### WHAT THE TASK REQUIRES
All of the entries below need to be repeated exactly.

Extracted data entries
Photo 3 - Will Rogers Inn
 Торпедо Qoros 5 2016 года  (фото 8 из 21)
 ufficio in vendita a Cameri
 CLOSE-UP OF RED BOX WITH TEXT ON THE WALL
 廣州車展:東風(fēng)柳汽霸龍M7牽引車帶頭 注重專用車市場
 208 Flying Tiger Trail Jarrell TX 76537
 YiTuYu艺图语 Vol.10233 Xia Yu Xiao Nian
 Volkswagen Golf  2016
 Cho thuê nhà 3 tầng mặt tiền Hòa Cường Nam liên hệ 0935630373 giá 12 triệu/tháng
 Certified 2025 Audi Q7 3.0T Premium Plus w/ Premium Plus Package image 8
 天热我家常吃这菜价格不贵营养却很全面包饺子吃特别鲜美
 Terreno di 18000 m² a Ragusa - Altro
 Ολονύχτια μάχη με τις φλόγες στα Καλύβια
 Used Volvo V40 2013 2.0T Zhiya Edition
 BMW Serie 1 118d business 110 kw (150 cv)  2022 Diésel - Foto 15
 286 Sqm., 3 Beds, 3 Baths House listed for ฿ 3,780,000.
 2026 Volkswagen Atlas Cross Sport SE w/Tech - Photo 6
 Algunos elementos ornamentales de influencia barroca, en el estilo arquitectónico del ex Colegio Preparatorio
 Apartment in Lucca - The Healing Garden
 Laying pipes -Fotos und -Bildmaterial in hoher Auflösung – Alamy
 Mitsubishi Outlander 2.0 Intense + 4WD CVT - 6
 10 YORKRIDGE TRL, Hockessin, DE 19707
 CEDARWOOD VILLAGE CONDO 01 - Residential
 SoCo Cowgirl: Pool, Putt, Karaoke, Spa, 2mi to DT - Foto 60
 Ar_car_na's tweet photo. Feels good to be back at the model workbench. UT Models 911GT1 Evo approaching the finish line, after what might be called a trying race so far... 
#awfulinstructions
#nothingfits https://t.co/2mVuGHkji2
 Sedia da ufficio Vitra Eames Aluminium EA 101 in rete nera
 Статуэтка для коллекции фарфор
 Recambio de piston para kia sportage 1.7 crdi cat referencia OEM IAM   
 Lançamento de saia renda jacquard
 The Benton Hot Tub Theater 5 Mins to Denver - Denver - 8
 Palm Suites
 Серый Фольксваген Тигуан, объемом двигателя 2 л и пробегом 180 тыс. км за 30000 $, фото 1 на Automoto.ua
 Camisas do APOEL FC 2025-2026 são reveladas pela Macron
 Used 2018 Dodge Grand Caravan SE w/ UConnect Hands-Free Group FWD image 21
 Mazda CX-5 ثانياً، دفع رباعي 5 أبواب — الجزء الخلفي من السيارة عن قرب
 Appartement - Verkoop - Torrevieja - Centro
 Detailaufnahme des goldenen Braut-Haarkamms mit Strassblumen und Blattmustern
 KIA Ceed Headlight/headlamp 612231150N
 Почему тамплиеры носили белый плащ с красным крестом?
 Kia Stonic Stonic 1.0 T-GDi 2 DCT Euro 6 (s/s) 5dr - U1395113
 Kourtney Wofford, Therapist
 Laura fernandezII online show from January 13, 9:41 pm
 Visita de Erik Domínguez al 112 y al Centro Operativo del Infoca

### RESULT
Photo 3 - Will Rogers Inn
 Торпедо Qoros 5 2016 года  (фото 8 из 21)
 ufficio in vendita a Cameri
 CLOSE-UP OF RED BOX WITH TEXT ON THE WALL
 廣州車展:東風(fēng)柳汽霸龍M7牽引車帶頭 注重專用車市場
 208 Flying Tiger Trail Jarrell TX 76537
 YiTuYu艺图语 Vol.10233 Xia Yu Xiao Nian
 Volkswagen Golf  2016
 Cho thuê nhà 3 tầng mặt tiền Hòa Cường Nam liên hệ 0935630373 giá 12 triệu/tháng
 Certified 2025 Audi Q7 3.0T Premium Plus w/ Premium Plus Package image 8
 天热我家常吃这菜价格不贵营养却很全面包饺子吃特别鲜美
 Terreno di 18000 m² a Ragusa - Altro
 Ολονύχτια μάχη με τις φλόγες στα Καλύβια
 Used Volvo V40 2013 2.0T Zhiya Edition
 BMW Serie 1 118d business 110 kw (150 cv)  2022 Diésel - Foto 15
 286 Sqm., 3 Beds, 3 Baths House listed for ฿ 3,780,000.
 2026 Volkswagen Atlas Cross Sport SE w/Tech - Photo 6
 Algunos elementos ornamentales de influencia barroca, en el estilo arquitectónico del ex Colegio Preparatorio
 Apartment in Lucca - The Healing Garden
 Laying pipes -Fotos und -Bildmaterial in hoher Auflösung – Alamy
 Mitsubishi Outlander 2.0 Intense + 4WD CVT - 6
 10 YORKRIDGE TRL, Hockessin, DE 19707
 CEDARWOOD VILLAGE CONDO 01 - Residential
 SoCo Cowgirl: Pool, Putt, Karaoke, Spa, 2mi to DT - Foto 60
 Ar_car_na's tweet photo. Feels good to be back at the model workbench. UT Models 911GT1 Evo approaching the finish line, after what might be called a trying race so far... 
#awfulinstructions
#nothingfits https://t.co/2mVuGHkji2
 Sedia da ufficio Vitra Eames Aluminium EA 101 in rete nera
 Статуэтка для коллекции фарфор
 Recambio de piston para kia sportage 1.7 crdi cat referencia OEM IAM   
 Lançamento de saia renda jacquard
 The Benton Hot Tub Theater 5 Mins to Denver - Denver - 8
 Palm Suites
 Серый Фольксваген Тигуан, объемом двигателя 2 л и пробегом 180 тыс. км за 30000 $, фото 1 на Automoto.ua
 Camisas do APOEL FC 2025-2026 são reveladas pela Macron
 Used 2018 Dodge Grand Caravan SE w/ UConnect Hands-Free Group FWD image 21
 Mazda CX-5 ثانياً، دفع رباعي 5 أبواب — الجزء الخلفي من السيارة عن قرب
 Appartement - Verkoop - Torrevieja - Centro
 Detailaufnahme des goldenen Braut-Haarkamms mit Strassblumen und Blattmustern
 KIA Ceed Headlight/headlamp 612231150N
 Почему тамплиеры носили белый плащ с красным крестом?
 Kia Stonic Stonic 1.0 T-GDi 2 DCT Euro 6 (s/s) 5dr - U1395113
 Kourtney Wofford, Therapist
 Laura fernandezII online show from January 13, 9:41 pm
 Visita de Erik Domínguez al 112 y al Centro Operativo del Infoca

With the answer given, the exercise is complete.